Tio FlávioPalestrante, professor e criador do movimento voluntário Tio Flávio Cultural.

E o tanto que os olhos falam!

Publicado em 07/04/2023 às 06:00.

Quando me convidaram para dar palestras para os funcionários de uma instituição que cuida de crianças com paralisia cerebral, queria entender quem eram as pessoas com quem eu falaria e isso passava por conhecer um pouco, também, quem eram as crianças, adolescentes e adultos daquela instituição.

Fui em busca de informações com as mais diversas fontes, sempre fazendo a mesma pergunta: o que é uma pessoa com paralisia cerebral? Logicamente, cada um dava sua resposta vinda do seu ponto de visão. É bem interessante isso, pois quando falamos em empatia, sempre citamos que é se colocar no lugar do outro. Mas não adianta este esforço se você for carregado dos seus próprios contextos e não se abrir para entender o outro no contexto dele.

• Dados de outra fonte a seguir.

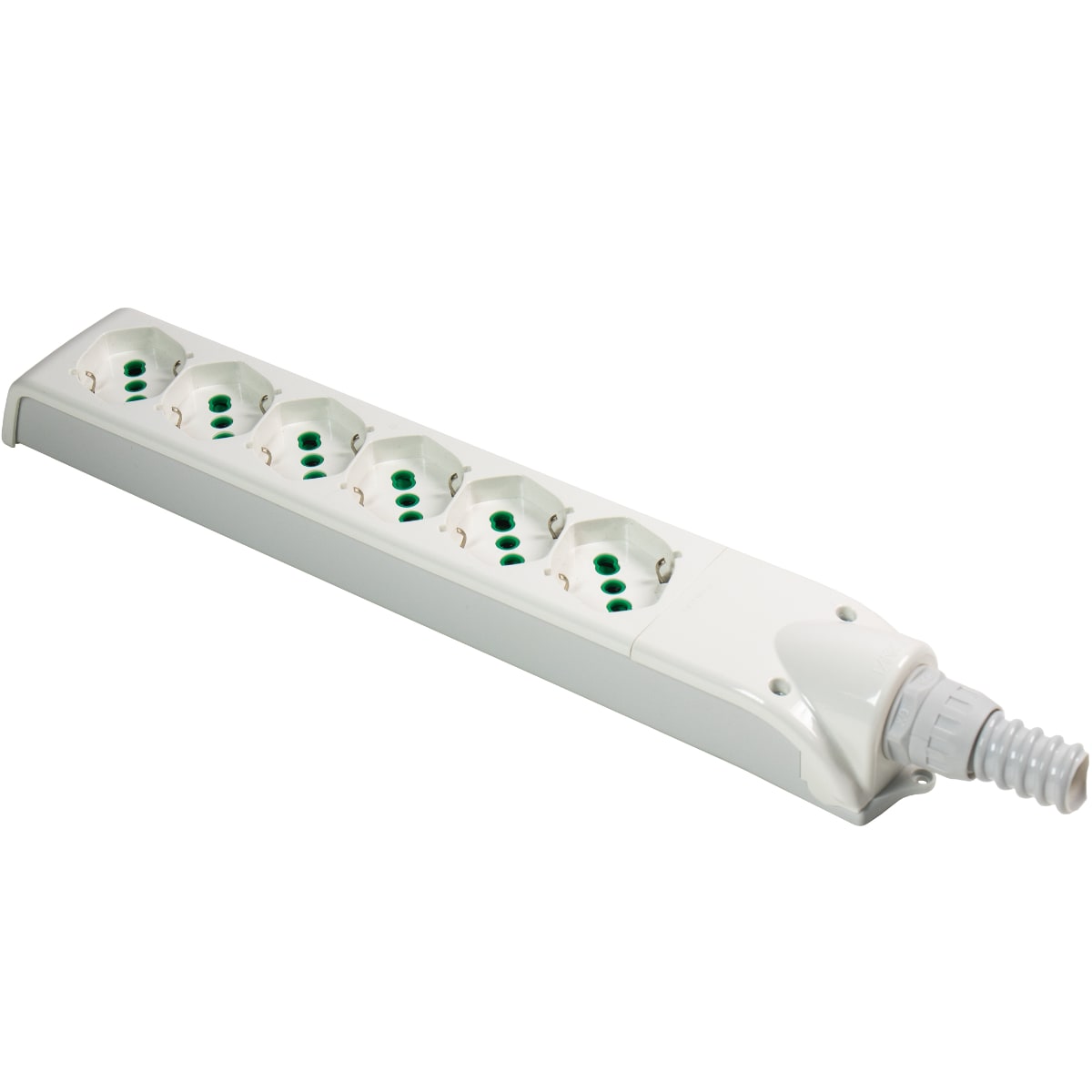 FANTON SPA - FME410280 MULT.SENZA CAVO 6P40 RACC.SCATOLA BI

Dentre tantas respostas consistentes à minha pergunta, uma se fixou à minha mente, e não por coincidência foi a pior delas: são crianças que vivem mortas dentro de um corpo, disse-me um conhecido.

Incoerente, insensível, limitante.

Tempos depois, vim entender que esta pessoa não descrevia o outro. Sem saber ela falava de si próprio. Ela, carregada dos seus contextos, era aquela própria pessoa que estava morta, vivendo. Pena que eu não tive maturidade suficiente para entender aquele pedido de socorro, pois fui tomado pela raiva do peso da sua fala.

Marcada a palestra, cheguei mais cedo para passar nos quartos e conhecer os residentes da instituição antes de iniciar a fala para os funcionários. Em cada cama, um nome à frente identificava, personalizava para ficar mais claro, quem ali eu encontraria. Abaixo do nome, a data de nascimento, que nos lembrava que a abordagem não deveria ser infantilizada, em alguns casos, pois a pessoa, com o corpo encolhido, já não era mais uma criança. Por trás de cada nome, uma pessoa e suas tantas histórias.

Uns sorriam, outras dormiam, outras nos seguiam com os olhos. Uma enfermeira me disse que todos eram muito intensos em tudo, então, se eu quisesse me comunicar de fato com eles, era só olhar em seus olhos.

Eu sou graduado em Comunicação Social, lecionei anos nesta área, e foi aqui que eu descobri na prática, ou despertei para isso, que todo comportamento é uma forma de comunicação.

A sensação é estranha, de início. Foi para mim e deve ser para eles. Em alguns você toca as mãos e eles seguram e apertam, em outros o olhar invade a alma da gente. Um voluntário tocava violão e o adolescente, numa cadeira de rodas, ria com uma alegria incomparável, estalando os dedos no ritmo da música.

Aos poucos um desconforto, peço permissão para usar este termo, vai dando lugar a uma sensação que eu não consigo descrever bem, mas que diria ser de familiaridade, no sentido de acolhimento. Fui olhando cada pessoa e entendendo que pelo olhar eu acessava mundos diversos. Meu olhar foi mudando, a cada mundo que eu encontrava. Mas não era o olhar de olhos nos olhos, mas aquele que me leva a entender a vida de uma maneira diferente, menos limitada e mais ampla, talvez com um sentido de humanidade ainda maior. E isso não tem a ver com pena ou dó, mas com quebra de barreiras que construímos diante de cada um de nós e nos impedem de ver além.

“Qualquer canto é menor do que a vida de qualquer pessoa”, dizia Belchior.

Saí dos quartos e fui fazer aquilo que havia motivado a visita: dei a palestra para os funcionários, que apesar do amor pelas pessoas e pelo que fazem, têm um cansaço emocional e físico imenso, proveniente da demanda e das características daquele trabalho. Quando eu conduzia a minha fala, os olhos de quem me ouvia estavam marejados, parece que era aquele um momento permitido para liberar as emoções retidas pelo excesso de atividades e pelo passar do tempo.

Ao término da palestra, umas pessoas pediram para conversar um pouco: uma tinha um filho dependente químico, outra estava com um irmão preso, outra com a mãe acamada, outra e mais outra com suas questões também. Mais uma vez me vem à mente o Belchior, na música “Na hora do almoço”, em que a mãe diz que aquela não é a hora para brigar. Quem demonstra fragilidade no trabalho não está emocionalmente preparado para ficar nesta empresa, dizem uns empregadores. Assim, engula seu choro e vá trabalhar.

Não era o caso daquela instituição, mas é a cultura de muitas empresas, de uma competição mortal disfarçada de práticas colaborativas.

Esta minha primeira palestra numa instituição que acolhe pessoas com paralisia cerebral deve ter acontecido há uns 15 anos, mas foi um momento impactante que carrego até hoje pelo vigor na troca de olhares. É impressionante como os olhos falam.